Among the vaccines, veteran pharmaceutical company Johnson & Johnson has developed a COVID-19 immunization, which is distributed in only one dose and stored easily in a refrigerator. According to Ancuram Clinic primary physician Dr. Daniel Hanley, one million doses of the Johnson & Johnson vaccine is reported to be available by summer.
“Johnson & Johnson has a traditional way of making the vaccine,” said Hanley another member of the Task Force. “It’s tried and true, it’s established. That’s the way the vaccine normally works.”
While Koopman maintains that the J&J vaccine is a little bit different than other vaccines, Hanley and Koopman agree that there can be no time wasted in getting the population immunized before the virus has a chance to mutate and evolve, catapulting the country from one epidemic straight into another.

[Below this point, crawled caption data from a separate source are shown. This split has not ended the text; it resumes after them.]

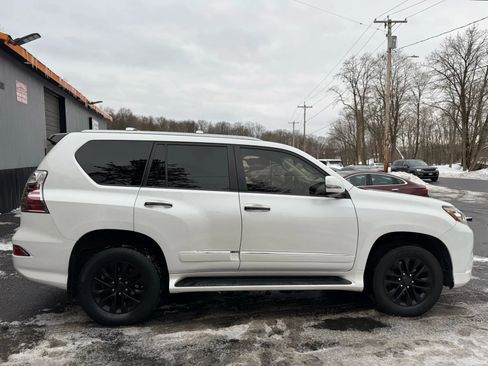 Used 2016 Lexus GX 460 image 6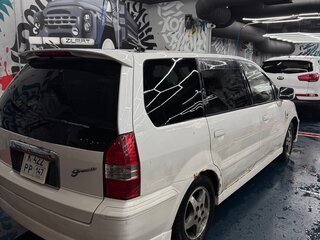 2002 Mitsubishi Chariot Grandis III, белый, 275000 рублей, вид 4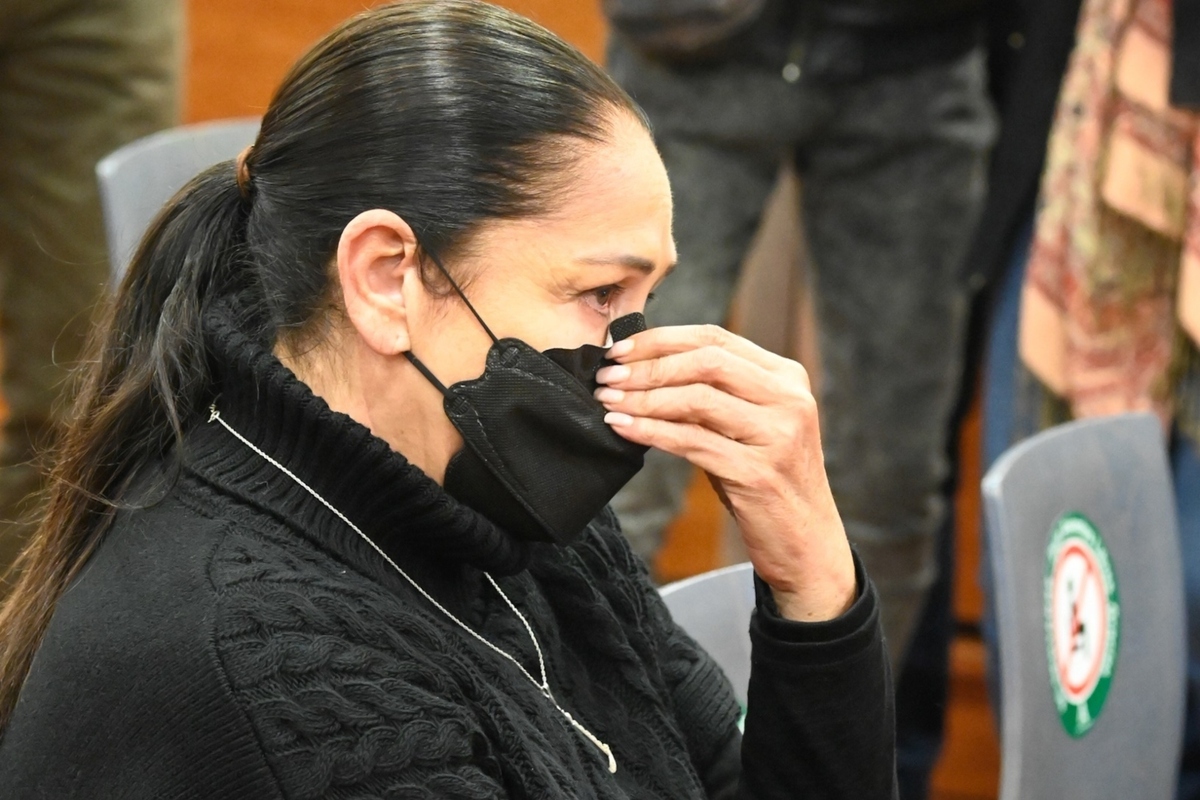 Imatge d'Isabel Pantoja plorant en el jutjat.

“The more we can get out, the more the transmission goes down and the less chance that we’re going to have problems with the emerging resistance strains,” said Koopman. “I wish we knew the best strategy to keep the virus from mutating. The more we can get the vaccine circulating, the better. We just don’t know what the evolution of the virus will be. In terms of vaccine hesitancy, I think you have to look at the many millions that have been vaccinated and not had any serious problems … I think that needs to be emphasized. They are probably getting the high level of protection that the vaccine trials indicated … and not even one death.”

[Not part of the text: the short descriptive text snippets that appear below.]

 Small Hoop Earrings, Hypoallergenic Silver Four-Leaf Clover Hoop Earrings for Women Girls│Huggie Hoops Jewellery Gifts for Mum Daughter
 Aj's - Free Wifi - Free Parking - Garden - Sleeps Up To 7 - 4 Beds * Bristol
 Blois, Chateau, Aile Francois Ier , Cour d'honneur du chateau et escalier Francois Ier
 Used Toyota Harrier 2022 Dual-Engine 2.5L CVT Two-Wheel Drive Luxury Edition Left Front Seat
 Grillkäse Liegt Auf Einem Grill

“I think there is some vaccine hesitancy,” Hanley agreed, “but right now the demand far outweighs the supply. Once we get the vaccines rolling and more people see that it’s not only available but it’s actually safe … effective and is the key to ending the pandemic, I don’t think we’ll have any problem getting people on board. It’s just a supply and demand issue right now, similar to what we had last spring with the masks, paper towels, and toilet paper. It will happen.”
Hanley reported that he can do routine COVID-19 testing in his Ancuram clinic in Bokeelia, as he now has numerous testing swabs available.

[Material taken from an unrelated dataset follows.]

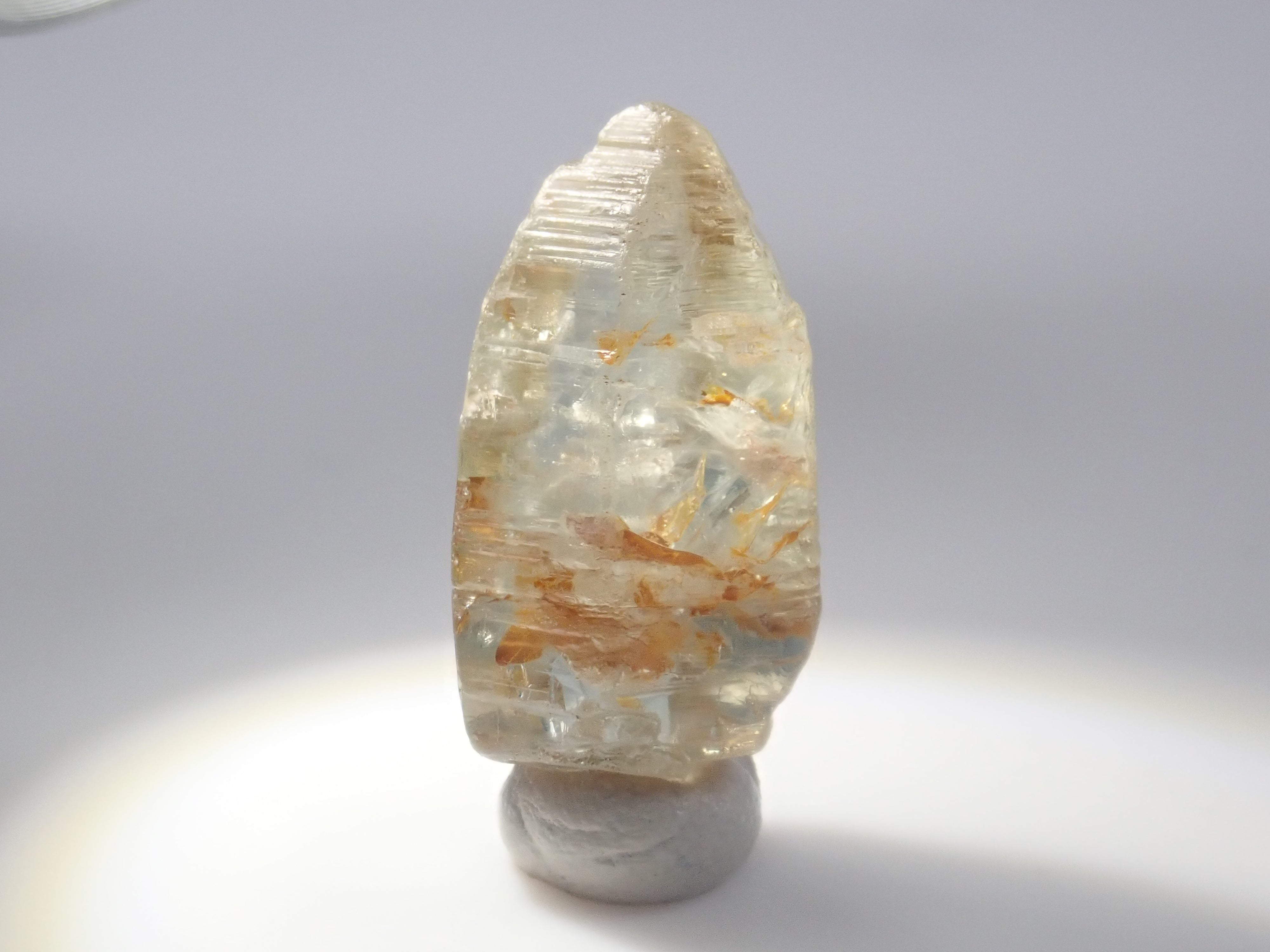 スリランカ産グラスボディ(サファイアクリスタル) 11.126ct原石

“As you know, we are a small clinic. We’re not a mass testing site,” said Hanley. “But I’d like to try to get the testing into as many hands as possible.”
Ancuram currently has the capability to schedule appointments to be tested for the coronavirus, or to see Hanley on the clinic website, Ancuram.com.
As far as becoming a vaccination site, Hanley said he’s in the same boat as everyone else.
“I’m registered with the Department of Health and Florida shots,” said Hanley. “I’m very frustrated. Even among the other hospitals throughout the area in the state, the supplies seem to be spotted and sporadic and that’s an issue because obviously the appointments should be first come, first serve and initiate the way for us to get at least a few weeks notification of what we can expect to reasonably get.”